"Joseph S. Myers" wrote on 1998-09-04 20:38 UTC:
It would be a good idea to use a common prefix for the structure elements (xtm_nsec, xtm_sec, etc.).
I never understood what these common prefixes are good for. What is the reason for calling struct elements tm_sec, tm_min, etc. instead of sec, min, etc.? I find them rather strange and ugly.
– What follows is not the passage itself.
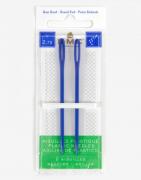 Plastic Needles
int offset; // minutes east off UTC
Seconds might be better.
I think it was a error to allow seconds in the TZ offset in POSIX.1, and I would like to avoid copying such intellectual accidents of the POSIX authors into this proposal. If a local time zone really were defined to have a fixed offset relative to UTC that is not an integral multiple of minutes, then bizarre things would happen near UTC leap seconds. If some politician really should decide that his local time is say 5h 7m 42s behind UTC, then we can't handle this appropriately anyway, and then specifying -04:08 is as acceptable in this silly situation as would be anything else. You would never use such an esoteric time zone for precision applications anyway! Historic time zones with a non-minute offset relative to GMT (UT0, UT1, UT2, etc.) are not defined relative to UTC, and therefore we shouldn't IMHO create the false impression that we could support these with second precision. I prefer sound and consistent semantics here, and I think they are only possible with minute UTC offsets. If you think that civil time zones defined relative to UT1 will become fashionable one day, then why on the other side should we allow only second resolution and not add nanoseconds in addition? I feel the KISS principle dictates minute offsets here.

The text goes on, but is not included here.